* **Data section**:
++++
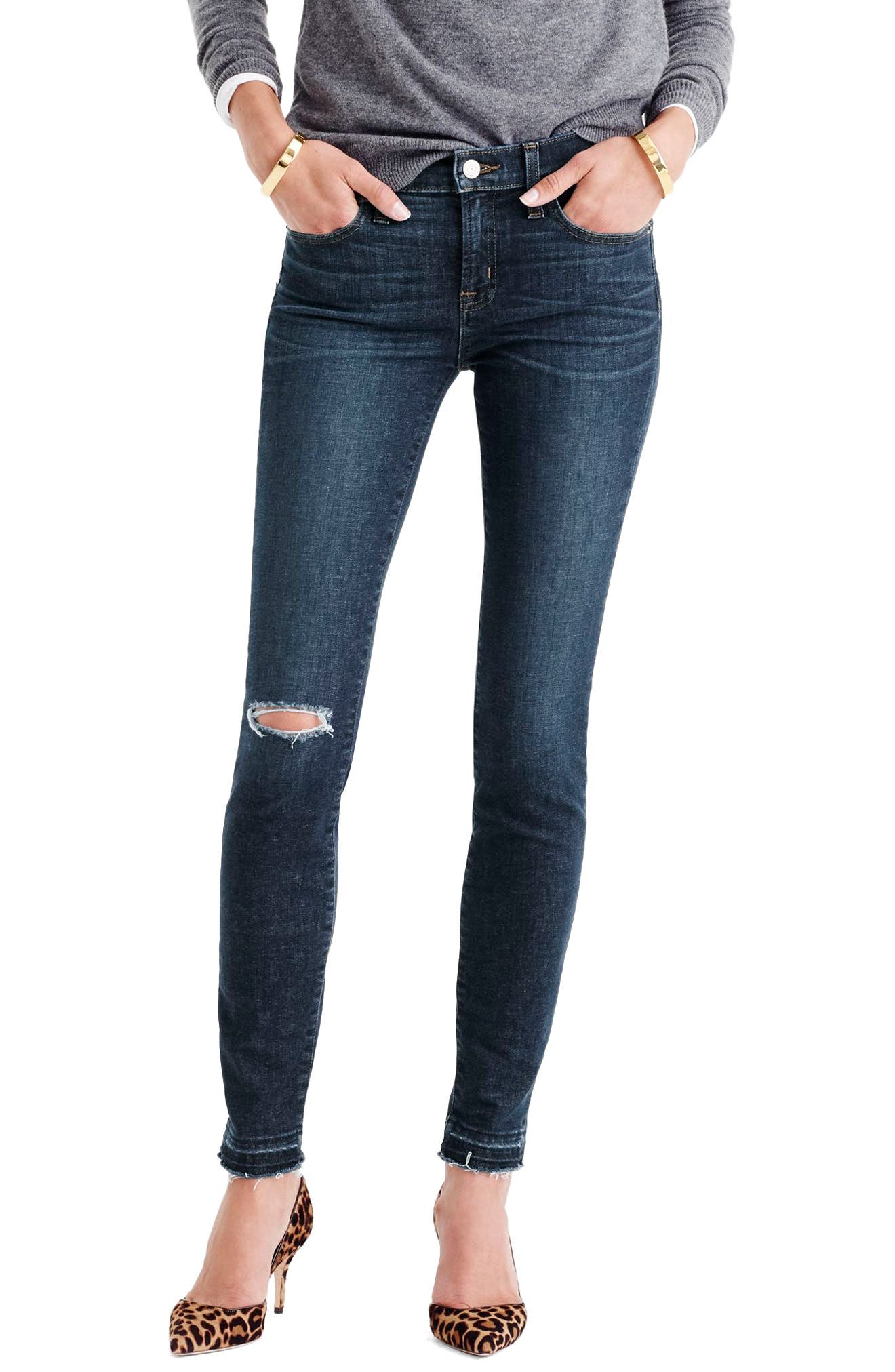 J.Crew Toothpick Jeans (Point Lake) (Regular and Petite) Nordstrom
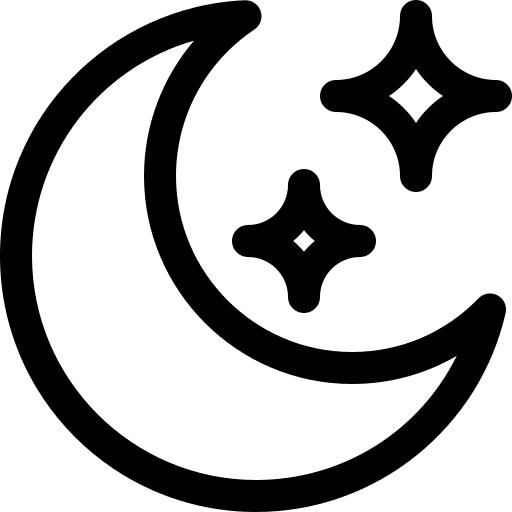 Night moon and stars night moon icon Night moon and stars night moon icon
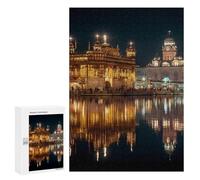Gold Temple at Amritsar India Jigsaw Puzzle for Adults Wooden Challenging Puzzles Gift for Family Friends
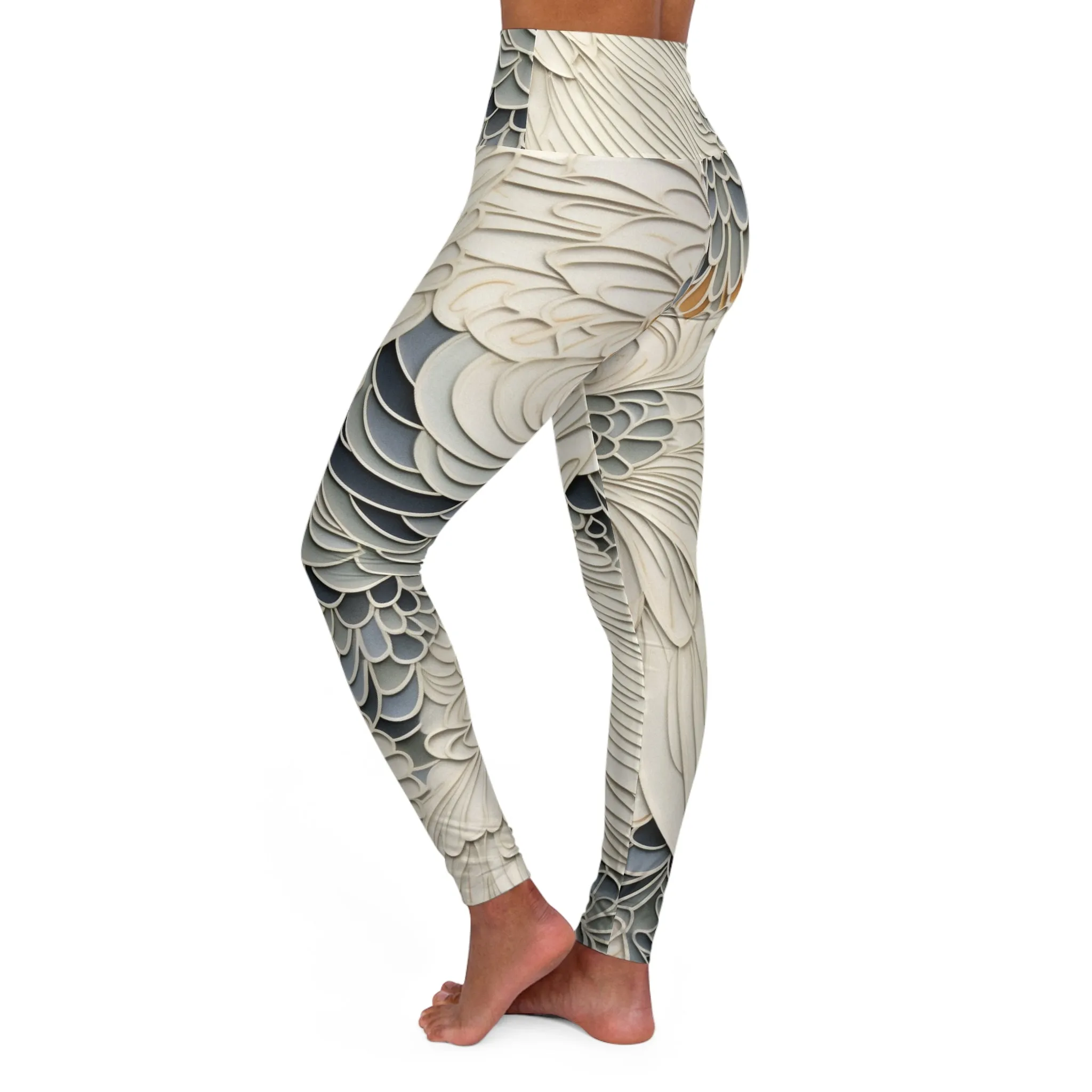 High Waisted Leggings - Romanticism.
++++
* **Activity**: Lines from the one with "Night moon and stars night moon icon Night" through the final line of the listing above: copy them exactly, both ends included, and omit every picture.

* **Your response**:
 Night moon and stars night moon icon Night moon and stars night moon icon
Gold Temple at Amritsar India Jigsaw Puzzle for Adults Wooden Challenging Puzzles Gift for Family Friends
 High Waisted Leggings - Romanticism.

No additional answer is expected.